Le Statut de Rome de la Cour pénale internationale consacre le principe de légalité dans ses articles 22 et s. En droit guinéen, le nouveau Code pénal consacre ce principe de légalité dans son Livre 1er. D’abord, l’article 3 du Code pose le principe de l’interprétation stricte de la loi pénale et les articles 6 et s. consacrent l’application de la loi pénale dans le temps. Alors que l’article 5 dispose : «Nul ne peut être puni pour un crime ou pour un délit dont les éléments ne sont pas définis par la loi. Nul ne peut être puni d’une peine qui n’est pas prévue par la loi». L’apport majeur de ce nouveau Code est d’avoir incorporer le crime international en droit guinéen : les crimes contre l’humanité (art. 194 et s.), le crime de génocide (art. 192 et s.), les crimes de guerre (art. 787 et s.) et les crimes d’agression (art. 796 et s.) font désormais partie du système pénal guinéen. Il s’agit d’une rupture fondamentale avec l’ancien système et d’une avancée significative dans la lutte contre l’impunité. Ce nouveau Code pénal peut-il rétroagir aux faits commis antérieurement à son édiction ? Quel est l’office du juge pénal ? En vertu du principe de légalité, le juge pénal se borne à l’application stricte de la loi pénale. Il est sous l’emprise de la nouvelle loi pénale : le Code pénal guinéen promulgué en 2016. Or, dans certaines circonstances, n’est-il pas permis au juge de se libérer de cette emprise ? Si dans le premier cas, le juge pénal est un juge obligé (I), dans le second, il est un juge libéré (II).

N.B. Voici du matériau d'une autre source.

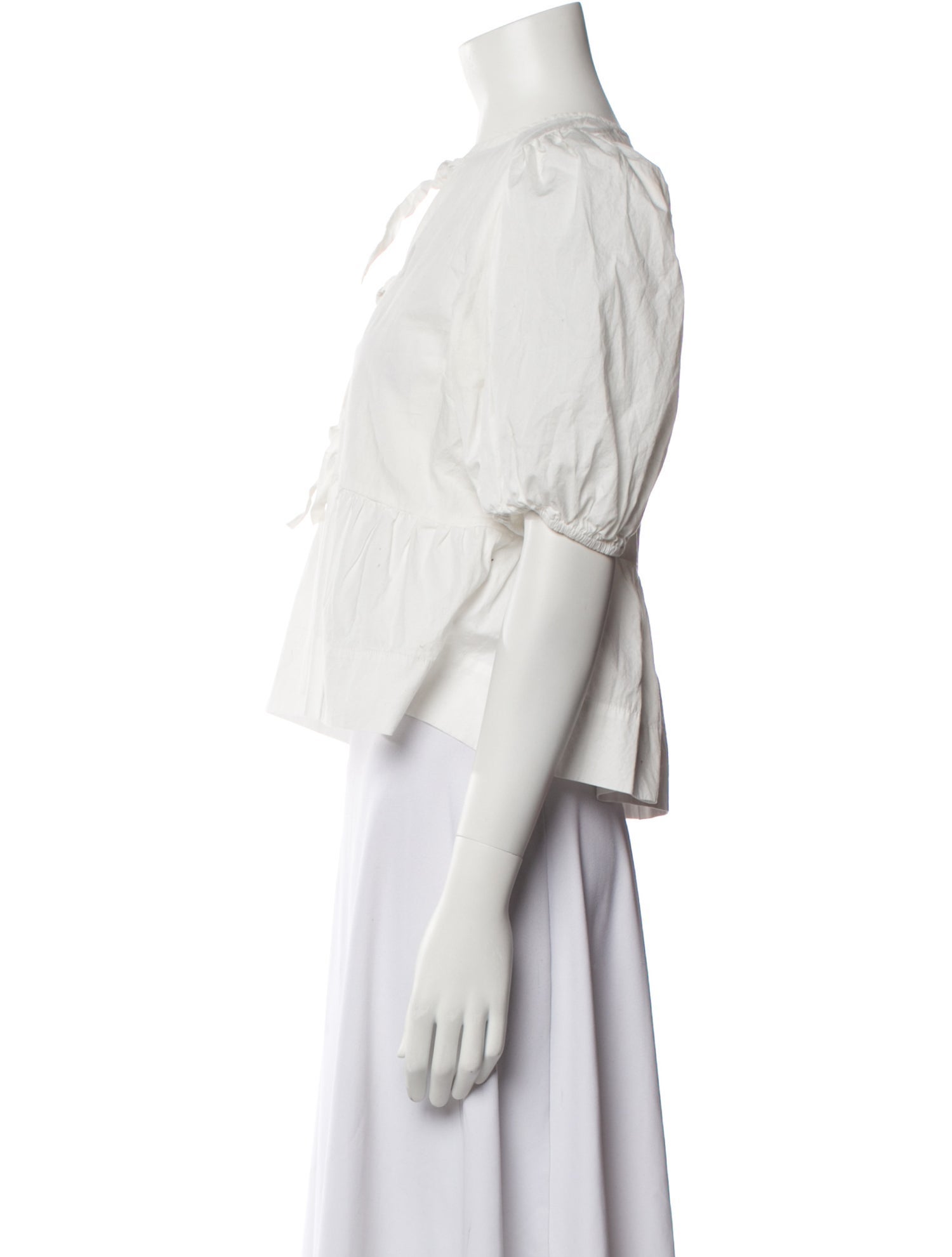 Ganni Tie Neck Short Sleeve Crop Top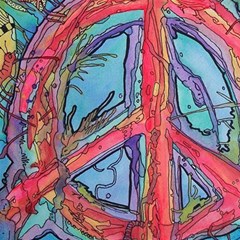 Hippie Peace Sign Psychedelic Trippy Play Mat (rectangle) by Modalart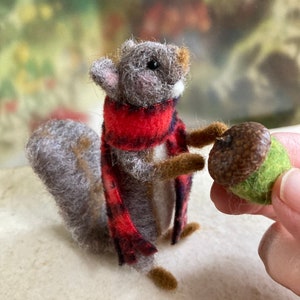 Needle felted wool mini squirrel, felt animal, woodland creature, nature lover gift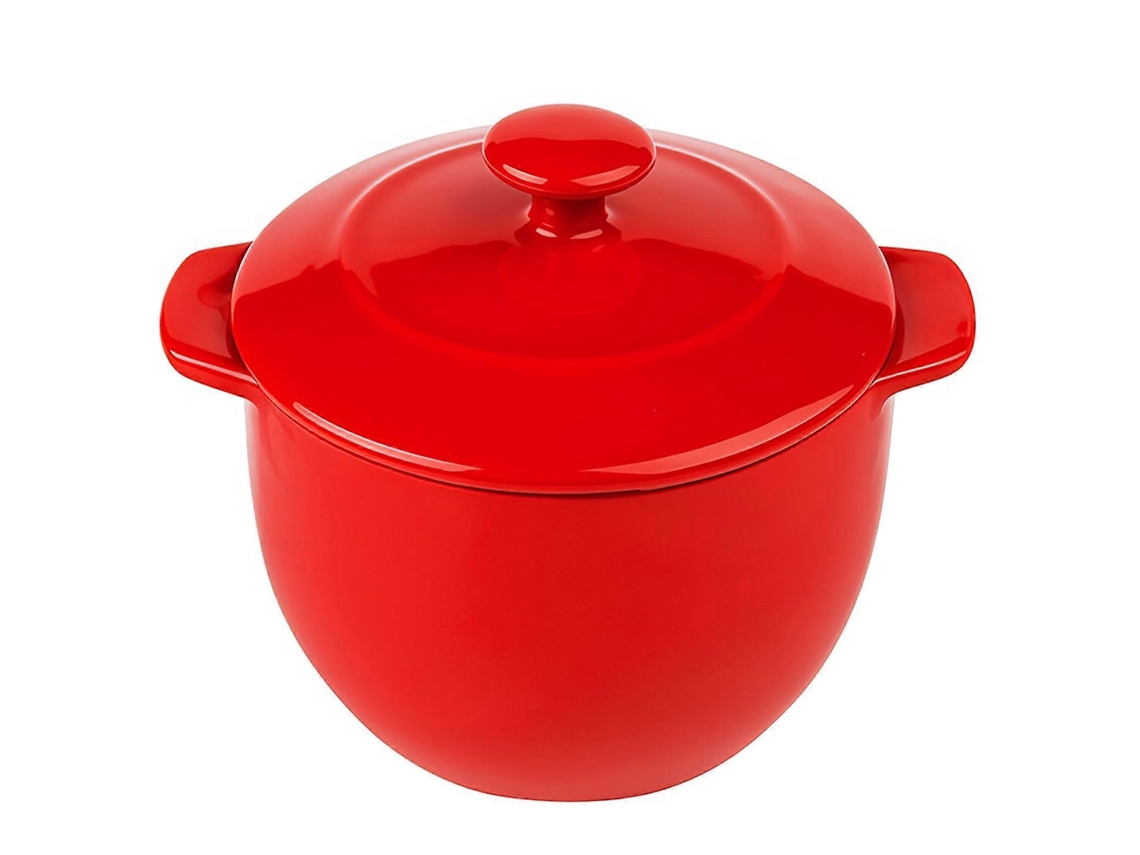 Caneca De Sopa Com Tampa E Alça, Tigela De Cerâmica Própria Para Forno, 350ml, Vermelha, Tamanho Compacto.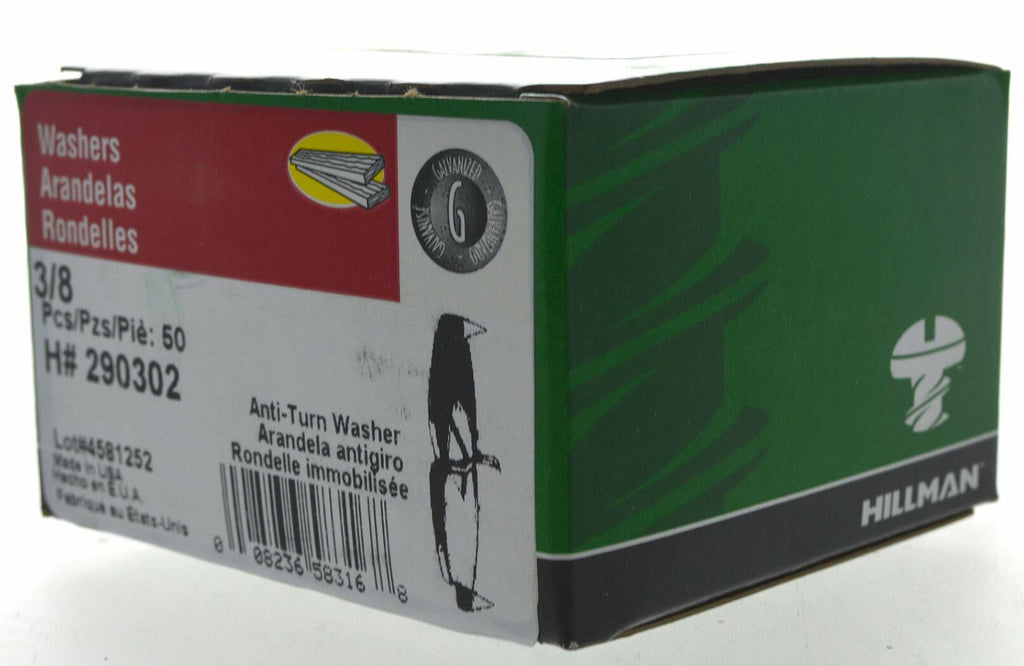 Hillman 3/8" Anti-Turn Washer – Galvanized Steel, 50 Pack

- L’obligation du juge pénal : l’application du principe de légalité
En vertu du principe de légalité, le juge pénal est sous l’emprise de la loi pénale. Il est soumis à l’autorité de la loi pénale. Il lui est strictement interdit tout rôle de création d’infractions et des peines applicables. Celles-ci étant prévues par la loi, le juge ne doit ni aller en deçà, ni au-delà de ce qui est légalement prévu par le législateur. Il est le garant du principe de légalité, principe qui signifie que la loi pénale ne doit pas être rétroactive, qu’elle doit être suffisamment claire et qu’elle doit être d’interprétation stricte.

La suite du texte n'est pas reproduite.